[Beowulf] Codethink jumps into the ARM server fray with Baserock Slab

Mon Sep 17 04:01:44 PDT 2012

http://www.theregister.co.uk/2012/09/13/codethink_basertock_slab_arm_system/

Codethink jumps into the ARM server fray with Baserock Slab

A Marvell-ous cluster in a box

By Timothy Prickett Morgan • Get more from this author

Posted in Servers, 13th September 2012 23:51 GMT

The crafty engineers at embedded software development house Codethink
assembled an ARM-application build server for their own use this June, and
have now decided that you might want one, as well – so starting this week
they'll sell you a commercial version of that box called the Baserock Slab.

The reason for Codethink's entry into this biz is simple: for all the talk
about ARM-based servers out there, it's pretty tough to get your hands on a
machine with enough oomph to both handle build server tasks and be a
deployment box for scalable Linux applications.

That's what Gabriel Vizzard, VP of business development at embedded software
development house Codethink, says is the current state of ARM serverage.

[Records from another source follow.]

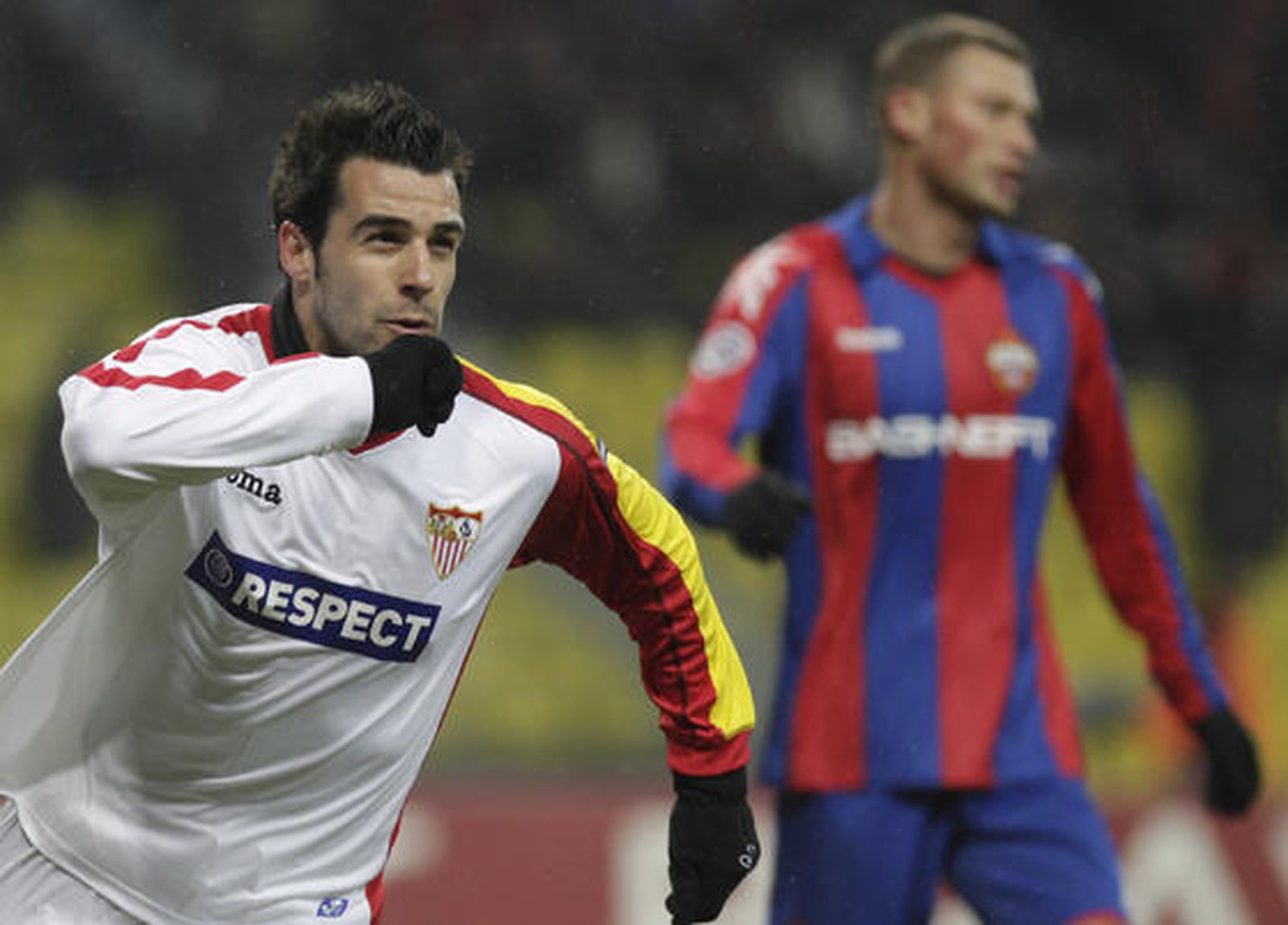 Negredo sale a correr para celebrar su gol.

Foto: Antonio Pizarro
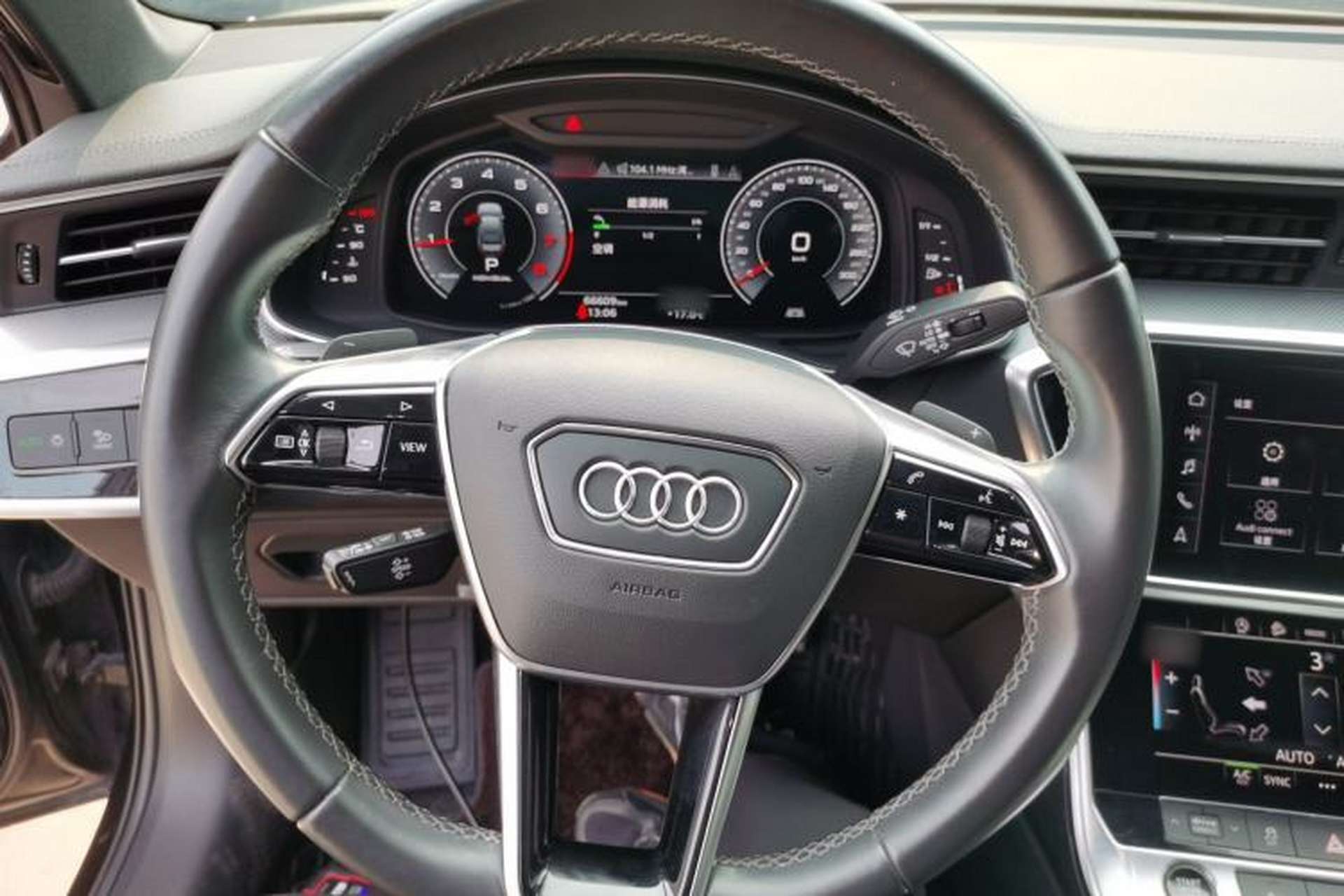 Used Audi A6L 2022 40 TFSI Luxury Dynamic Model Steering Wheel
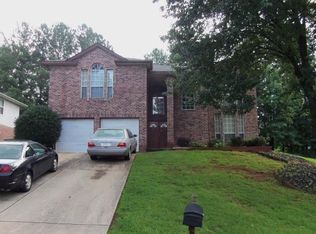 568 Woodstone Rd, Lithonia, GA 30058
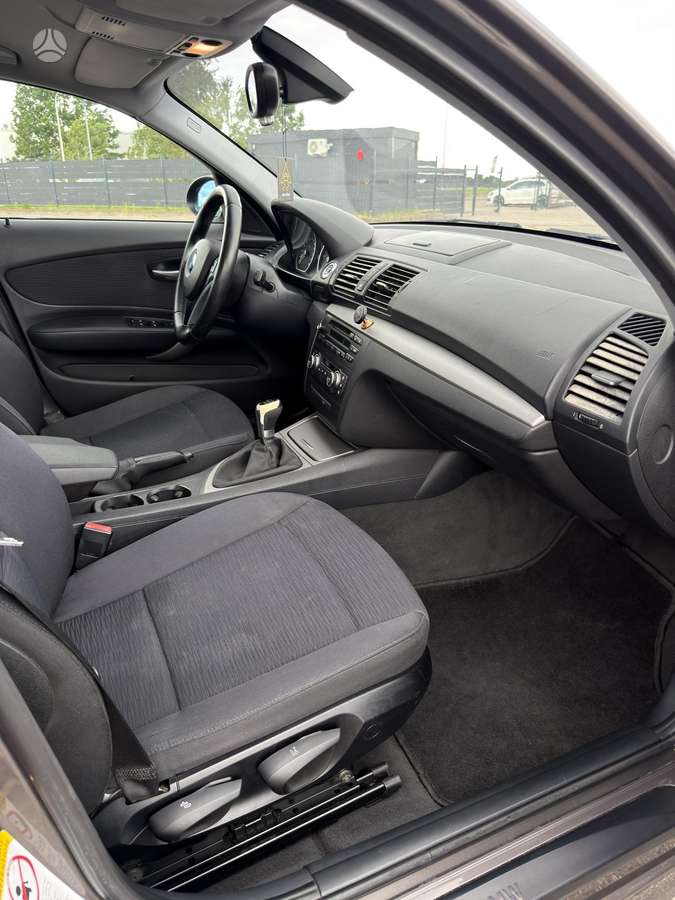 BMW 118, 2.0 l., Хэтчбек
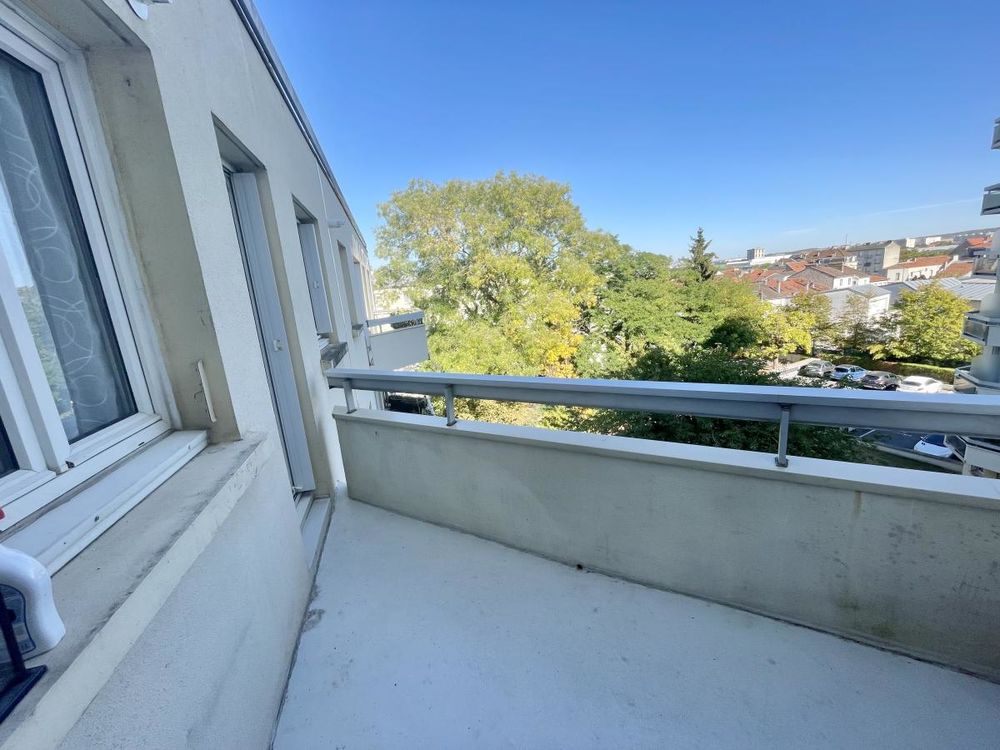 Appartement 3 pièces avec balcon, parking et cave.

And
that's why the company's engineers, who know a thing or two about iron, built
their original box, which is now on sale.

The Baserock Slab is based on Marvell's Armada XP processor, and uses a
system-on-module design that welds everything you need for a multiprocessor
cluster onto a board, including main memory, links out to inter-node
networking, and server management modules. It's a compact design, and one
that is the shape of things to come for both low-power Atom and ARM servers
that will be commercialized in the coming years from myriad vendors.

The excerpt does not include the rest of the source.